NodeManager Restart

Introduction

This document gives an overview of NodeManager (NM) restart, a feature that enables the NodeManager to be restarted without losing the active containers running on the node. At a high level, the NM stores any necessary state to a local state-store as it processes container-management requests. When the NM restarts, it recovers by first loading state for various subsystems and then letting those subsystems perform recovery using the loaded state.

Enabling NM Restart

  1. To enable NM Restart functionality, set the following property in conf/yarn-site.xml to true:
    Property Value
    yarn.nodemanager.recovery.enabled true, (default value is set to false)
  2. Configure a path to the local file-system directory where the NodeManager can save its run state
    Property Description
    yarn.nodemanager.recovery.dir The local filesystem directory in which the node manager will store state when recovery is enabled. The default value is set to $hadoop.tmp.dir/yarn-nm-recovery.
  3. Configure a valid RPC address for the NodeManager
    Property Description
    yarn.nodemanager.address Ephemeral ports (port 0, which is default) cannot be used for the NodeManager's RPC server specified via yarn.nodemanager.address as it can make NM use different ports befor and after a restart.
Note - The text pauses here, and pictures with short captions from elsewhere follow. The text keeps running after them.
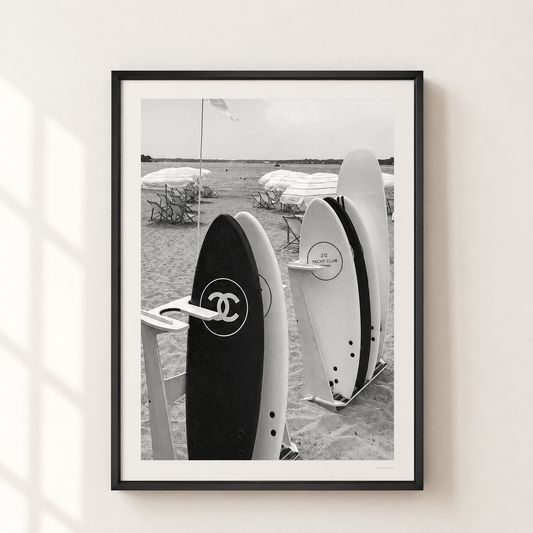 A framed black and white photographic print of surfboards on a beach, featuring a Chanel logo on one board, displayed on a light beige wall with soft window shadow overlays.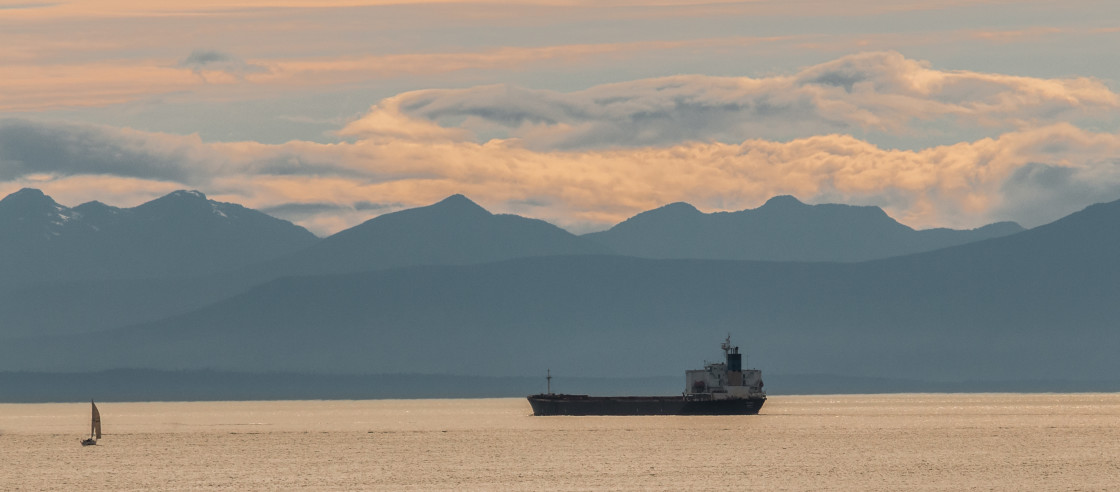 "Ship and sailboat with moutains" stock image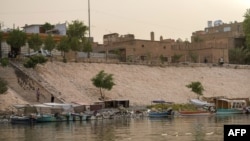 FILE - The Tigris river flows in the central Karkh district of the Iraqi capital Baghdad on on July 24, 2022.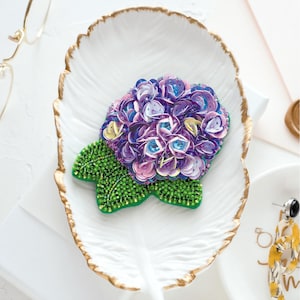 May include: A handcrafted brooch shaped like a hydrangea flower, featuring layered purple and blue sequins for the petals and small green seed beads forming the leaves, resting on a white leaf-shaped ceramic dish with a gold-painted rim.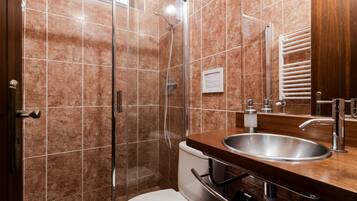 Un baño con ducha de vidrio, inodoro blanco y tocador de madera con lavamanos.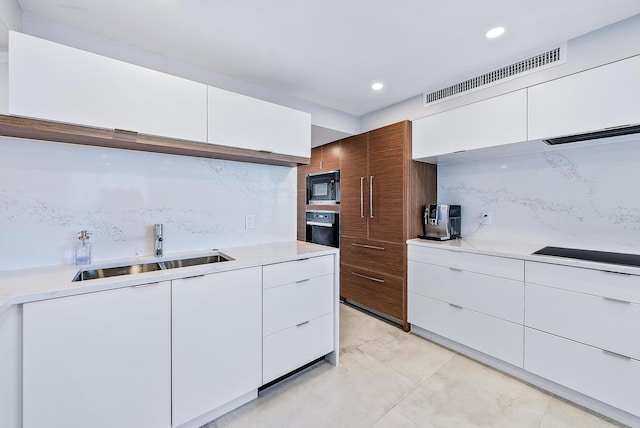 kitchen featuring visible vents, decorative backsplash, modern cabinets, black appliances, and a sink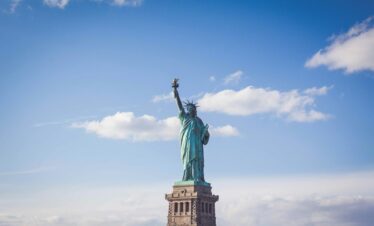 Statue of Liberty, New York under white and blue cloudy skies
This will break any previously running clients that were communicating with the NM before restart. Explicitly setting yarn.nodemanager.address to an address with specific port number (for e.g 0.0.0.0:45454) is a precondition for enabling NM restart>>>.
  4. Auxiliary services

    NodeManager can be configured to run auxiliary services. A simple example is the ShuffleService for MapReduce. For enabling NM restart, this and any other auxiliary service also needs to be configured correctly. This includes (1) avoiding usage of ephemeral ports (e.g. mapreduce.shuffle.port) and (2) having the auxiliary-service recoverable from previous state when NodeManager restarts and reinitialized the auxiliary service.